Monday, April 04, 2022

The Way Outsider: SHAITANI DRACULA

 
"Confusion has made its masterpiece." 
                                             - Macduff (Macbeth -Act 2, Scene 1 - Shakespeare)

Man, my 12 Days of Ed Wood has won ray over schedule (this is only night 10), but I have an excuse: India's Harinam Singh and his 1999 (sometimes listed as 2006 since that's when it was discovered and shared and embraced by the weird film community) anti-opus Shaitani Dracula (English translation: "Satan's Dracula"):  Actor, director, writer, presumably editor, Singh is a one man band of cosmic proportions. He knows not how to focus a camera, nor tell a story, nor direct a scene, nor--for a single moment--be anything but wildly hilarious. This is anti-genius of the sort that makes Ed Wood's best seem woefully coherent. Hell, it even make the Turkish Star Wars seem like 2001. 

Consisting of mostly interchangeable set of blurry shots of monsters (dudes in masks, girls in plastic fangs and cut-out styrofoam cooler-lid wings) chasing people, the film pulses lightning, and hot girls cooling down in outdoor showers at night (fully clothed); dark cloud insert, lurches into daytime standing around by cars and girls arguing with dopey men. Crazy-lame howls and high-pitched titters, rain and wind effects fill up the soundtrack. Music and songs from old Bollywood classics start and stop in a random crazy quilt of overlapping and jarring noises and "booooo-oooo!" style spooky vocalizing.  Add mixed up time frames, interchangeable actors, inscrutable dialogue (none of his films, as far as I know, have ever been dubbed or subtitled into English), stir, rinse and assemble with a rusty splicer and a blindfold. The resulting mess can set you free. If you believe in madness. 

I know I'm not alone in my reverence. Diabolique's Keith Allison exclaims: "It is a film so far beyond the pale of anything we can recognize as a movie that one can hardly call it a movie.

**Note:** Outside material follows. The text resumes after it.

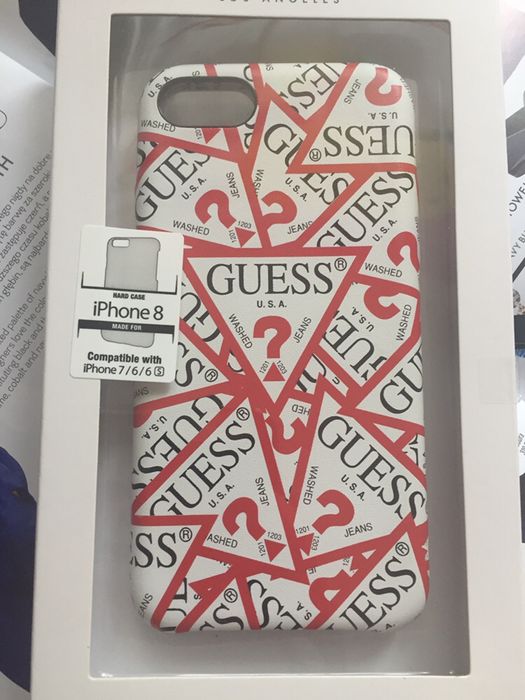 Guess - etui do iPhona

An experience, perhaps. Enlightenment." Dan Budnik of Bleeding Skull announces: "You can try to blink the crazies away but this film won’t let it go. It’s a child’s vision of a vampire movie that verges on a wet dream of epic proportions." And Teleport City declares Shaitani Dracula to be: "a film so bonkers on every single level that it has become a legendary work of art."  Wayne Butane exclaims "It's a perfect storm of filmmaking incompetence."  The Wood of Bollywood shall endure! 

Gaze into the eyes of your dark lord

Singh himself plays the title role a middle-aged Indian man, ever-clad in a dark blue Union cavalryman's hat and coat (no cape, and no reason). With a jet black mustache, double chin, and twinkly eyes bouncing along on presumable cue cards to the left of the camera, age makes a lot of grand announcements--in booming echo--laughing maniacally and saying "Dracula" every other word, as if continually reminding himself and everyone else he's the star. He keeps his head centered in widescreen medium-close-up (ala above) moving slowly from side to side, giving the impression of being vaguely animatronic  Sometimes we cut to him wearing his dime store plastic fangs but he looks like he's always trying to spit them out (if you've ever worn them yourself as a kid, you probably get why).Most of the time though, is spent watching masked monsters wrestle with scantily clad young maidens while thunder crashes on the soundtrack, the horror movie archetypal primal scene stripped down to an eternal Halloween wrestling match. Stoop-shouldered men in skeleton sweatshirts and flea-bitten wolf costumes throw biker shorts-clad maidens to the ground for some air groping. 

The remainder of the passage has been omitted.